# Does anyone make their own sausage?



## Kristinemomof3 (Sep 17, 2012)

Next week Meijer has pork shoulder on sale for .99 a pound. Will I need to get more fat? Do you usually have to pay for fat or will they give it to you? How much fat will I need/pound. Any good recipes? Sorry, we did make sausage a long time ago when we butchered a hog with friends. We like sausage, but it gets so expensive, so I thought this might be cheaper. I have a grinder and don't mind the extra work involved.
Thanks,
Kristine


----------



## dkhern (Nov 30, 2012)

when i make it it is usually with wild pork. i use about 25% fat. i season with sage and red pepper. mis well then fry a patty and taste adjust till you get it the way you like. then stuff in 1# bags. or you can make patties freeze in cookie sheet then transfer into zip lock. good luck


----------



## Bret (Oct 3, 2003)

Sounds good. I can only say that I added a pork shoulder to venison one time to make brauts. They were a little dry but oh so good. I agree...fry one on.


----------



## FarmChix (Mar 3, 2013)

I use the same ingredients as dkhern, and for Italian sausage, I add fennel seed and garlic powder. I will sometimes add just a bit of garlic and onion powder to regular sausage. You will need a little fat for texture. I roll it into a chub (like you see at the grocery) using a sheet of wax paper. Take the wax paper off before freezing, or it will be awful to try to get back off.


----------



## Stephen in SOKY (Jun 6, 2006)

I kill hogs here on the farm regularly and use the A.C. Legg seasonings of whichever level of heat I desire. They're an instock item at 2 local grocery stores here or they can be ordered here among other places: http://www.askthemeatman.com/ac_legg_hot_pork_sausage_seasoning.htm?gclid=COrqsIy43bkCFcvm7Aod5EEAZw


----------



## oregon woodsmok (Dec 19, 2010)

I make sausage in casings with pork shoulder and don't add fat.
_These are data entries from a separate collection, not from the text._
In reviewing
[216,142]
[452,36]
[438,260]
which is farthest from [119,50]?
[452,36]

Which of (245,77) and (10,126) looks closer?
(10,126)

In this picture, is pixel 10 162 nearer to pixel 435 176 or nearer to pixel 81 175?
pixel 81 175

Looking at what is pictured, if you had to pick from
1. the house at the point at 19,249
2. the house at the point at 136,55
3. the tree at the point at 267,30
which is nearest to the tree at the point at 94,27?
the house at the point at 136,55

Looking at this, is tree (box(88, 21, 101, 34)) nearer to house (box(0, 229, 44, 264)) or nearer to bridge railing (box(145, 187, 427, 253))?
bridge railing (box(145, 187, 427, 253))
They are a bit dryer than commercial sausage, but pretty darn good. For the bulk sausage, pork shoulder without added fat is plenty fat enough.

It nice to be able to ask what is in the sausage without getting sick when you hear what you are eating.


----------



## jwal10 (Jun 5, 2010)

The thing with homemade sausage IS less fat and the flavor you want. Cook at a lower temp longer to still be well done but juicy. I make turkey sausage with wild turkeys and only add 1 slice of bacon for flavor and added fat....James


----------



## backwoods (Sep 12, 2004)

I also make Italian sausage, adding about 1/2 cup of red wine, caraway & fennel seed, ground coriander, a generous amount of Italian seasoning, salt, and a bit of red pepper flakes. Let it sit overnight in the frig to absorb the flavors, then fry up some and try it. It is SOOO good!


----------



## okiemom (May 12, 2002)

made sausage once with a home butchered pig. I don't think fat was added. it was lean but it was still so good. it is the spice mixture that makes it. my MIL just kept frying up a patty until they got the spices right. no fat needed. 
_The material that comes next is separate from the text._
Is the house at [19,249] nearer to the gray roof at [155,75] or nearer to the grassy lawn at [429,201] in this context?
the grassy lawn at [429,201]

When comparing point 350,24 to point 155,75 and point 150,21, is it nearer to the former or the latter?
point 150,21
everyone raves about blue and gold sausage, but the last time we had it, it produced half in fat/drippings. we just about floated away. maybe it is just that there is really lean sausage now and that sausage for gravy is just way to fatty. :shrug:


----------



## sugarspinner (May 12, 2002)

We've made sausage for years when we were butchering. Didn't add extra fat because we didn't want it too fat. I added salt, pepper, brown sugar (or maple sugar when we had it) and sage. We'd either eat fresh, freeze it or stuff it in muslin bags about 2 inches in diameter and smoke. Yummm. That spoiled us for eating any sausage we'd buy after that.


----------



## rcbaughn (Mar 24, 2013)

Here is the ultimate sausage website in my book. All you'll ever need to know. Good luck!

Sausage Making Info


----------



## picklehopper (Sep 18, 2013)

Posting here so I can find it again. Can't contribute any information but the best sausage I have ever had was Bear/Elk combo, it had mustard seed in it. Been wanting this type of information forever! Hope to learn!


----------